Captioned web image data:
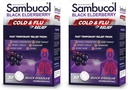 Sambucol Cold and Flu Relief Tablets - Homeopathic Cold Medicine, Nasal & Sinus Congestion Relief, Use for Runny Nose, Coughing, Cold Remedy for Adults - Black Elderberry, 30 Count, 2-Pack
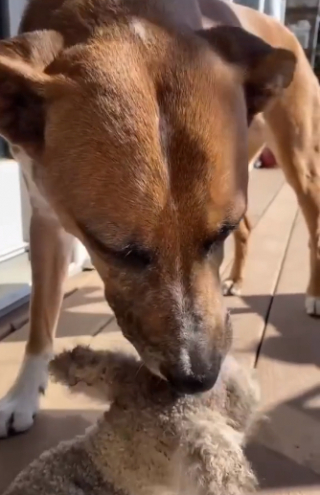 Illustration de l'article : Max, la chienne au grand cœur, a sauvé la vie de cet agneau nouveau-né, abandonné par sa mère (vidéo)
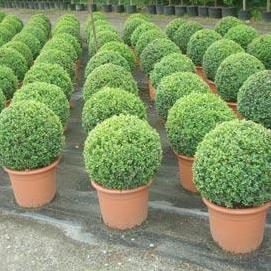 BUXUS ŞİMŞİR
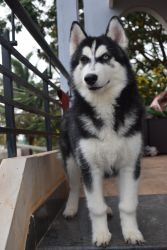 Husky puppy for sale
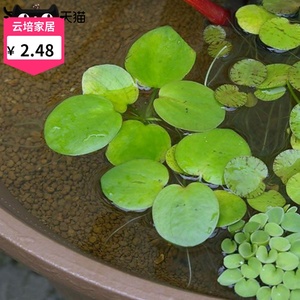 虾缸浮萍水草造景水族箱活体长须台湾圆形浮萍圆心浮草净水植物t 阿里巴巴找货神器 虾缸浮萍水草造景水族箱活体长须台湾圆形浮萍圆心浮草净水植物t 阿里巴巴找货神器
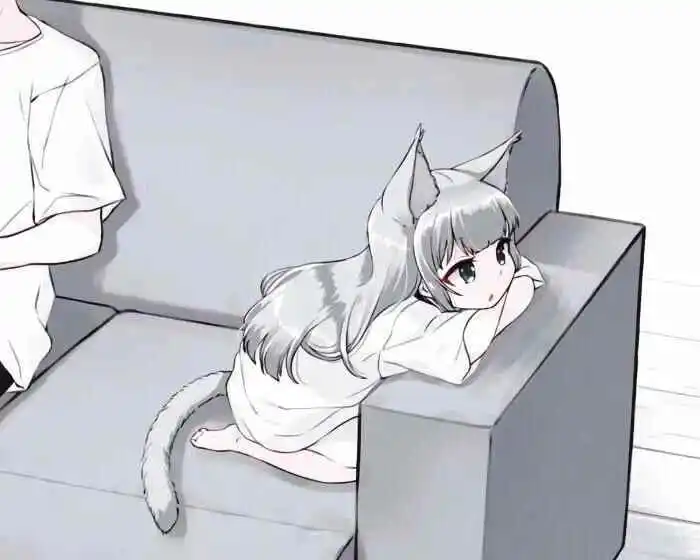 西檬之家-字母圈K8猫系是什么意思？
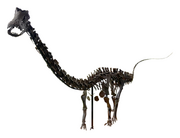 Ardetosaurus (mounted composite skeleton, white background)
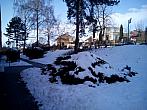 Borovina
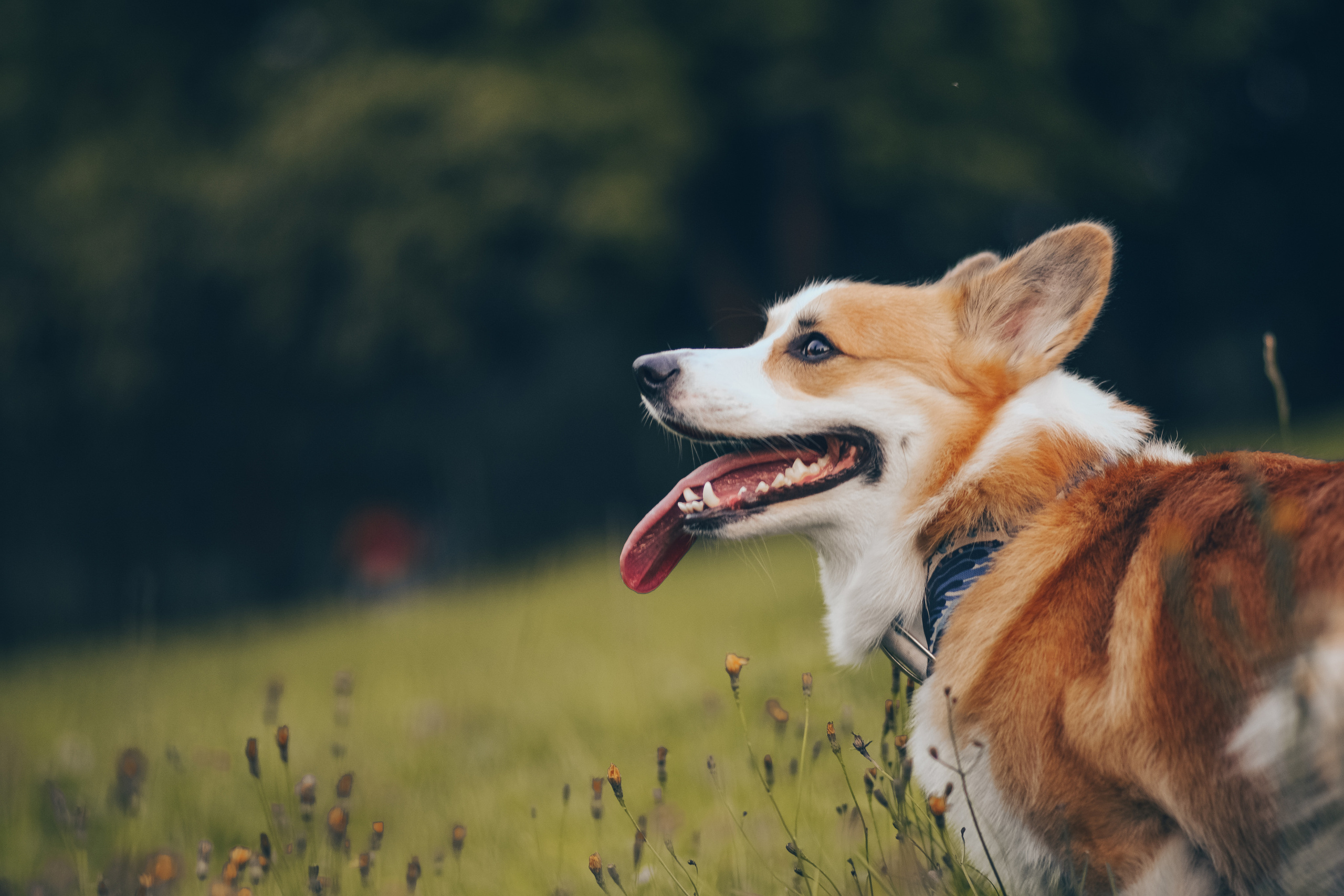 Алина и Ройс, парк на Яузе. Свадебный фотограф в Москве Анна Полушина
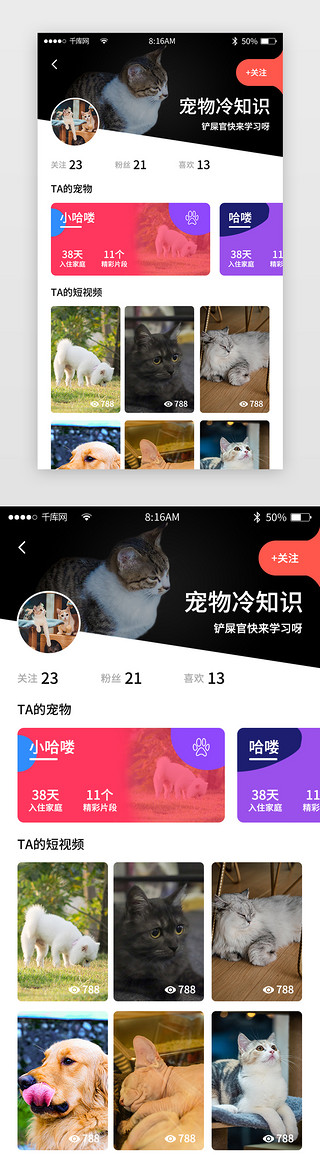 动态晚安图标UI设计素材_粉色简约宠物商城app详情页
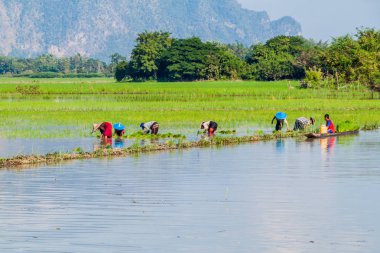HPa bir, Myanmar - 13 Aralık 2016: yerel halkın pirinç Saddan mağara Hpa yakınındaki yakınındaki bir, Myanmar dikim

**EXERCISE BRIEF**:
Would you restate all of the data above word for word, omitting the pictures?

**FINAL ANSWER**:
 Sambucol Cold and Flu Relief Tablets - Homeopathic Cold Medicine, Nasal & Sinus Congestion Relief, Use for Runny Nose, Coughing, Cold Remedy for Adults - Black Elderberry, 30 Count, 2-Pack
 Illustration de l'article : Max, la chienne au grand cœur, a sauvé la vie de cet agneau nouveau-né, abandonné par sa mère (vidéo)
 BUXUS ŞİMŞİR
 Husky puppy for sale
 虾缸浮萍水草造景水族箱活体长须台湾圆形浮萍圆心浮草净水植物t 阿里巴巴找货神器 虾缸浮萍水草造景水族箱活体长须台湾圆形浮萍圆心浮草净水植物t 阿里巴巴找货神器
 西檬之家-字母圈K8猫系是什么意思？
 Ardetosaurus (mounted composite skeleton, white background)
 Borovina
 Алина и Ройс, парк на Яузе. Свадебный фотограф в Москве Анна Полушина
 动态晚安图标UI设计素材_粉色简约宠物商城app详情页
HPa bir, Myanmar - 13 Aralık 2016: yerel halkın pirinç Saddan mağara Hpa yakınındaki yakınındaki bir, Myanmar dikim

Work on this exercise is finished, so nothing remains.